L'annonce ne permettra pas à Barack Obama de réaliser une de ses premières promesses en tant que président - fermer la prison de Guantánamo en janvier 2010 -, mais elle constitue une étape importante vers le dénouement de ce dossier épineux.Le président des États-Unis a ordonné que le gouvernement achète une prison d'État ouverte il y a huit ans à Thomson, une municipalité rurale de l'Illinois, où devraient être transférés un maximum de 100 des 210 suspects de terrorisme détenus à Guantánamo.

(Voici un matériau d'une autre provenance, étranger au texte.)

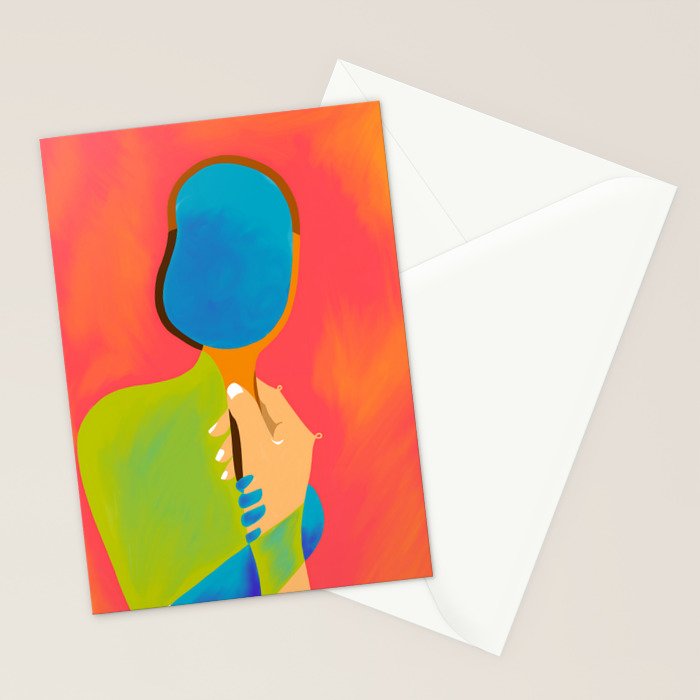 The One To Hold a Mirror Up To Me, Abstract Human Expression, Introspection Mindfulness Retrospection, Hand Body Maximalism Eclectic, Bohemian Contemporary Modern Painting Stationery Card Gallery Image 2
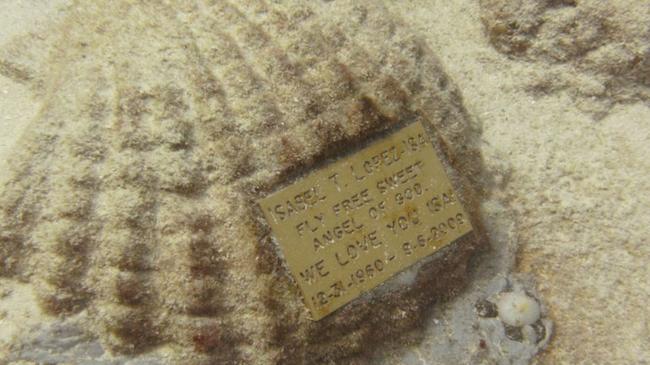 A plaque at the Neptune Memorial Reef in Florida. Picture: Neptune Memorial Reef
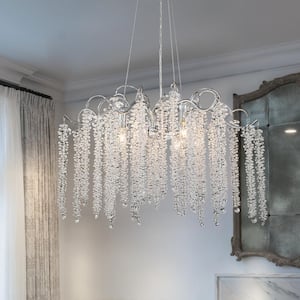 Theodora Modern Contemporary 6-Light Polished Chrome Chandelier with Hanging Crystal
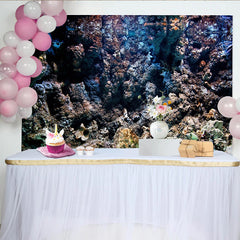 Lofaris Dark Textured Aquatic Rock Photography Backdrop with Sandy Bottom, Deep Sea Ocean Theme Background for Studio Photoshoot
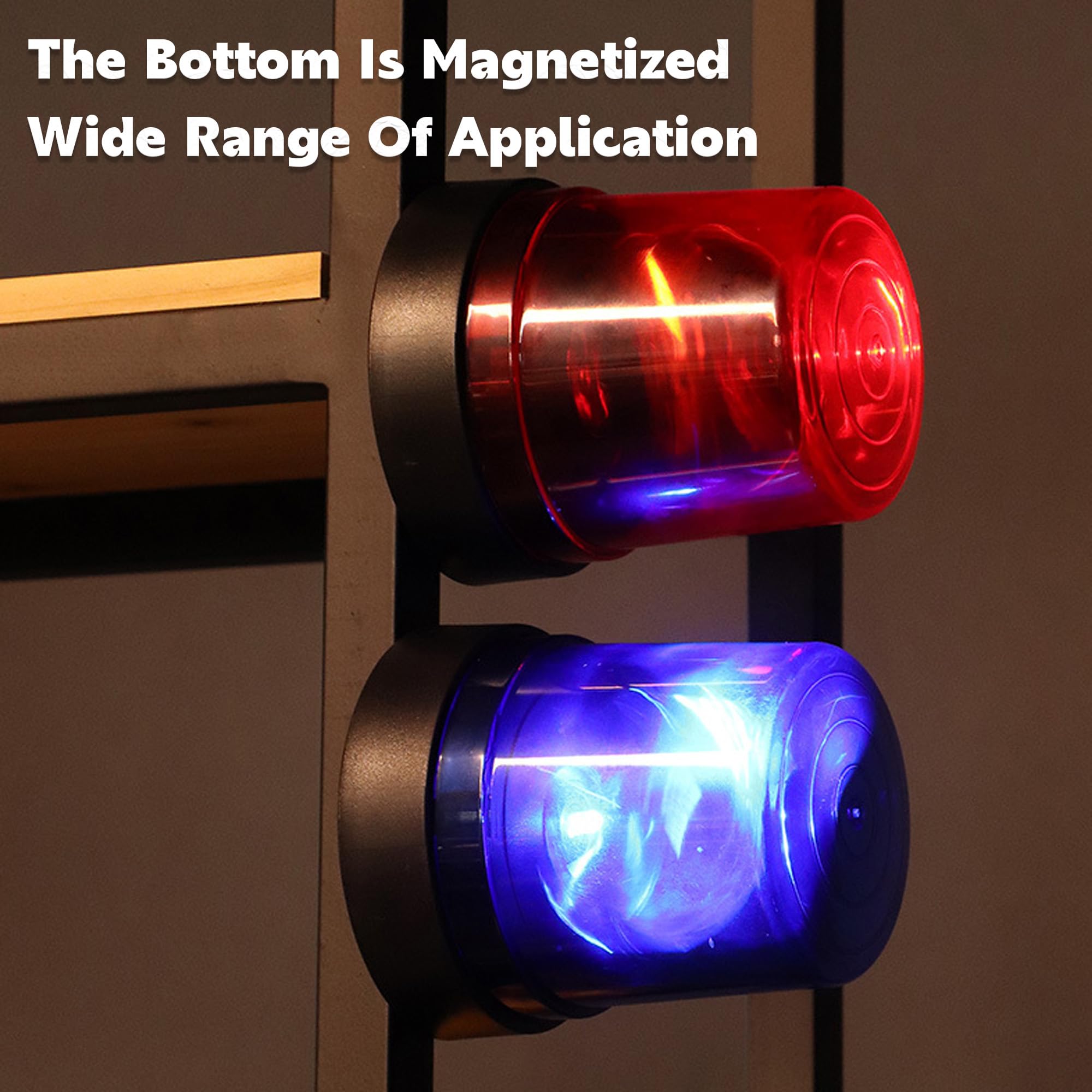 BYTEWAR police lights bottom magnet design for easy car roof placement.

La Maison-Blanche a annoncé cette décision dans une lettre adressée au gouverneur démocrate de l'Illinois, Pat Quinn, qui a milité en faveur du changement de vocation du centre de détention sous-utilisé de Thomson. Il y voyait une façon de créer quelque 3000 emplois directs et indirects dans une région qui en a besoin. La missive, signée par le secrétaire à la Défense, Robert Gates, la secrétaire d'État, Hillary Clinton, et le ministre de la Justice, Eric Holder, précise que «le président n'a aucune intention de libérer quelque prisonnier que ce soit aux États-Unis».

Opposition vigoureuse

Mais l'opposition au transfert de détenus de Guantánamo vers les États-Unis demeure vigoureuse. Avant même que la Maison-Blanche ne diffuse la lettre, le chef de file de la minorité républicaine au Sénat, Mitch McConnell, a critiqué la décision de l'administration démocrate.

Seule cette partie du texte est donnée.